The Wonders of Work Clothes

The Wonders of Work Clothes

Languish. 

It’s the best way I can describe the feeling that the attendant lockdown of COVID-19 has caused in me. I haven’t spent this much time unshowered, couchbound and generally unmotivated since I was a college student who celebrated the end of every assignment with a few healthy bong rips and a twelve pack of Coors Light. 

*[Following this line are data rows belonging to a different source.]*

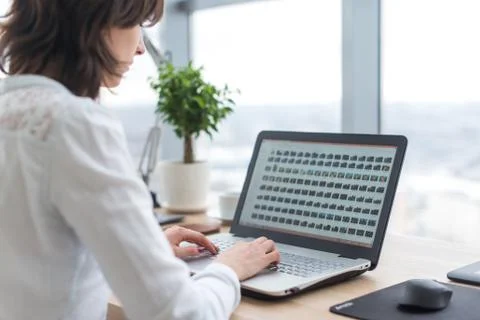 Office worker typing, working at her workplace, using laptop. Stock Photos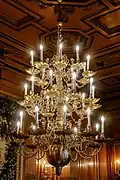 Chandelier fitted with flame-shaped light bulbs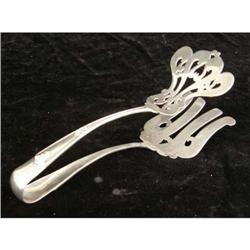 A DOMINICK & HAFF STERLING SILVER PASTRY TONGS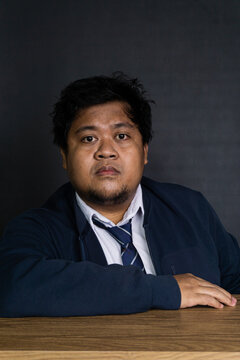 A startled young Asian male professional sits stiffly at a smooth wooden desk, displaying a wide eyed, stunned facial expression against a seamless black studio background. Dressed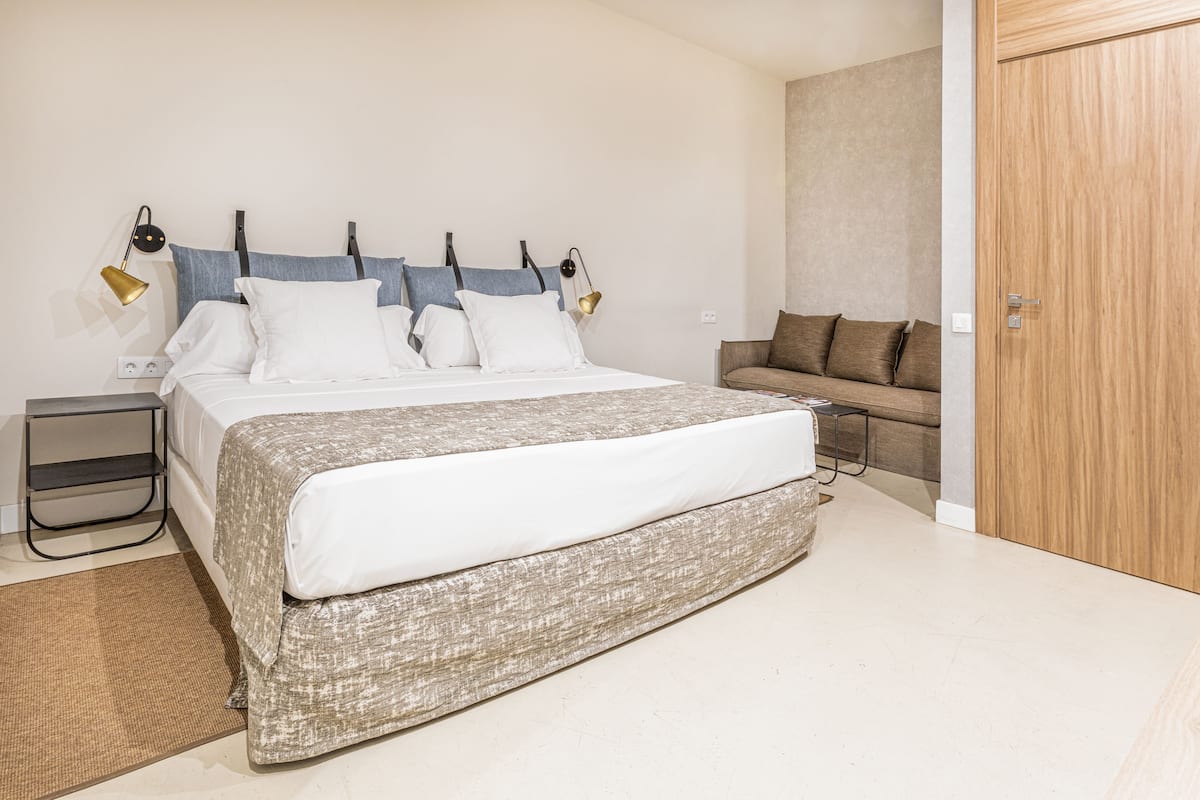 Ein Schlafzimmer mit Bett, Nachttischen, einer Couch und einem Kleiderschrank.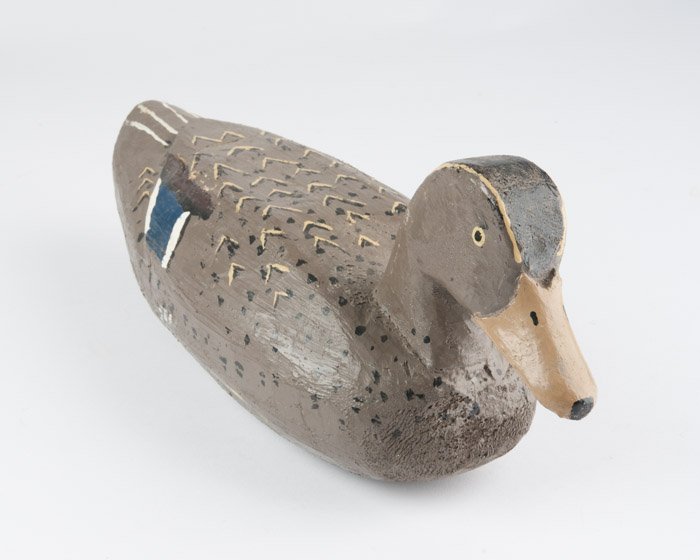 A Laurent Verdin Mallard Duck Decoy: Unsigned. Label to underside reads 'Laurent Verdin Mallard Hen C. 1975'. Height: 6 1/2" Length: 16"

Despite spending upwards of twenty hours a day in my house, I try my best to get up, to attack each day with SOFLETE’s Die Living mindset that has resulted in the best physical, mental and emotional shape I’ve been in in years. But over the last ten or so weeks, I’ve struggled more to maintain the damn-the-torpedoes mentality by which I have always tried to live my life. Workouts are something I labor through rather than something I look forward to, books pile beside my bed, as my motivation to read is lower than ever, and the idea of spending a large chunk of each day in my home office is something that often drains me of energy, of attitude and of motivation. 

The strangest part of my itinerant state is the fact that I’ve been making a living as a freelance writer for a few years now. Thus, spending entire days in gym shorts, taking near constant snack breaks and scheduling phone calls and interviews around my regular midday nap is nothing new to me. 

So why now do I feel so different, so unmotivated?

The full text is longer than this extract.